All food! That would suck!!! Although where we are we have all the food waste taken out for composting which leaves nothing but couches and plastic (Maybe I'm exaggerating a bit). Ya the perfect blend is a fairy tale I know but I was just curious as to your usual practices w/out taking into account all the variables we encounter daily. That's interesting that you do your first two passes cross ways, we usually save that for last. What is the grade of your face? With a big packer like yours something like a 6:1 maybe 8:1?? At a foot to foot and a half crossways would make sense to me on that grade. I hear a lot of landfills do the two truck deck thing, we've never done that but I could see how beneficial that would be in the busy times, also would force a more quality packer operator if he/she is responsible for building out a truck deck every day.
I was taught by a lady who had been on the packer full time for about 10 years straight (very talented to say the least) she could build a cell by herself and it wouldn't have to be groomed by any other machine at the end because she left no fluffies and the grade was always bang on, they would just spread dirt and move on. She has this method which takes a little more time in the morning but pays of in the long run. It is hard to explain without watching it happen but here goes. If you got time in the morn or when ever (usually takes me 10 min or less on the average cell). You scrape into the packed garbage (Regurge) take out any high spots to leave a level cell and push a 2' or 3' windrow up along the finished edges, leave a 2 foot gap from the actual finished edge so when you eventually roll over it, it will squish 'into place' so to speak. When you are done you will be left with a bowl, just keep adding garb in the bowl till you get up to that windrows height.
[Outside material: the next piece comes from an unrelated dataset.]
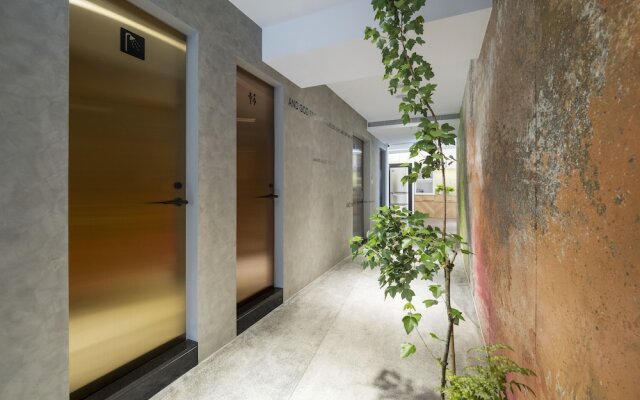 LIGHT INN - Hostel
That regurge sure makes a nice outside edge, no un processed garbage rolls out over the edge cuz of the bowl, the base of the berm is a nice place to get rid of any matresses that keep popping up (we call those zombies).
As for passes my preference is to face the machine downhill for this first pass (I found that the machine is more balanced and packs the garb down in place), then up hill (I find this leaves most the weight at the back end which shreds the garbage), then on a 45 up hill which puts one wheel over the inside edge, then cross slope which leaves it nice and flat. If I don't have time I will leave out the 45 pass. We are told to do 5-7 passes, How I get my 5-7 is do your first run twice (down and up in the same wheel track) then move over half wheel widths as you go across the cell, then same thing when you get to the opposite side down and up twice in same track. This means that every bit of the cell is getting two passes when other people are doing 1. You'd think it would slow you down but it actually doesn't because you waste more time turning around and jostling into position in between passes. That leaves me at 8 passes total if I do the full range of passes I listed above, in reality I do that range of passes over one layer whenever I have time, usually about 3 times in a given day. I will suggest the two truck deck thing at work when we are in a more suitable area, we are capping the mountain at the moment, (all sorts of interesting angles)
. Let me know what you think of my techniques I'm open for questions an suggestions!